Credit security is a top priority for banks when it comes to making a profit from lending money, because what use is the potential gain, if it does not even materialize, even more, turns into loss. Collateral security minimizes the risk of repayment default, albeit not completely excluded.
As a credit security, various (legal) funds are available to the banks.
In this case, personal credit security can be resorted to – the creditor satisfies his claim, for example, by claiming a claim, or the pertinent credit security comes into effect if the bank accesses certain items whose value is a substitute benefit are reserved for the creditor.
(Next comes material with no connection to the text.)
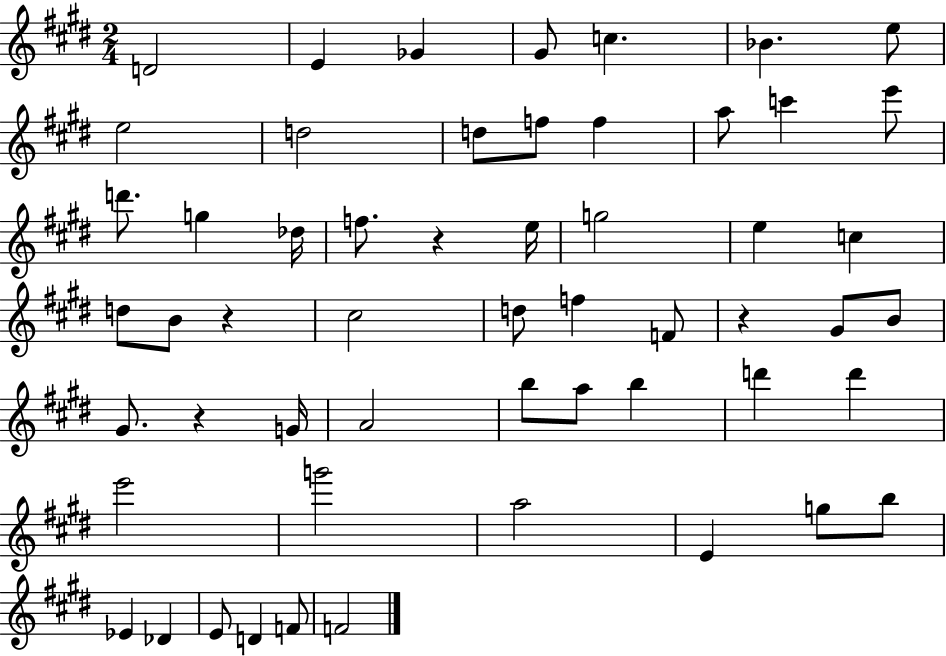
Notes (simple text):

D4/h E4/q Gb4/q G#4/e C5/q. Bb4/q. E5/e E5/h D5/h D5/e F5/e F5/q A5/e C6/q E6/e D6/e. G5/q Db5/s F5/e. R/q E5/s G5/h E5/q C5/q D5/e B4/e R/q C#5/h D5/e F5/q F4/e R/q G#4/e B4/e G#4/e. R/q G4/s A4/h B5/e A5/e B5/q D6/q D6/q E6/h G6/h A5/h E4/q G5/e B5/e Eb4/q Db4/q E4/e D4/q F4/e F4/h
As a result, a distinction will generally be made between personal and objective credit security.
Personal security includes, as already mentioned in the above example, the company ( 765 BGB), the guarantee, the assumption of debt ( 421 BGB) and the letter of comfort.
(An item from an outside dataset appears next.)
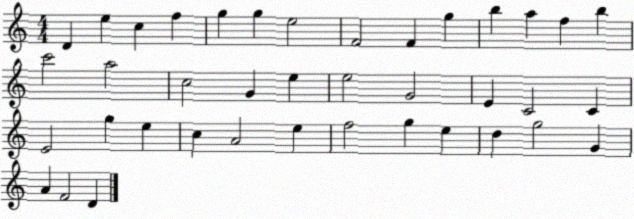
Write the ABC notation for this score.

The objective collateral security applies with the assignment, the assignment of security ( 929, 930 BGB) and the lien ( 1204 ff. And 1273 ff. BGB). Naturally, the mortgage ( 1113 et seq. BGB) and the mortgage ( 1191 et seq. BGB) are objective collateral.
Material collateral does not have to be limited to a single lender. Since large loans are often put together by several banks, factual loan collateral can also be made available to them at the same time. In such cases, there is talk of a collateral pool.
Description of bankable collateral
Mortgage Liens Basic loans are often used to secure loans. These are not to be confused with the mortgage, which can not be used to secure additional loans and therefore does not come into play here. The mortgage is entered in the land register. The rank is crucial, because first-rank registered land charges are redeemed first, if it comes to the very first.
Cessions Smaller loans, which are the rule in the private customer’s country, find security through pay and salary assignments. Corresponding clauses are already contained in the loan agreements and represent a comfortable factual security for the bank. If the customer no longer pays, the salary is simply tapped. An assignment of insurance has the same purpose. Here it depends on the purpose, which insurance is assigned to what, namely a building loan is covered by a fire insurance against the risk of fire financing a car requires proof of comprehensive insurance and in addition there are a few other material credit protection such as the residual debt insurance, among others
Loans for self-employed and freelancers are often confused with the assignment of claims, which occupies the place of the wage and salary assignment. For example, doctors can offer their claims to the medical association as collateral for a loan.
Also, the pledge of securities holdings is part of the objective credit protection, since the thing – the security is created as collateral. However, this type of security is most likely to apply to pawnbroking.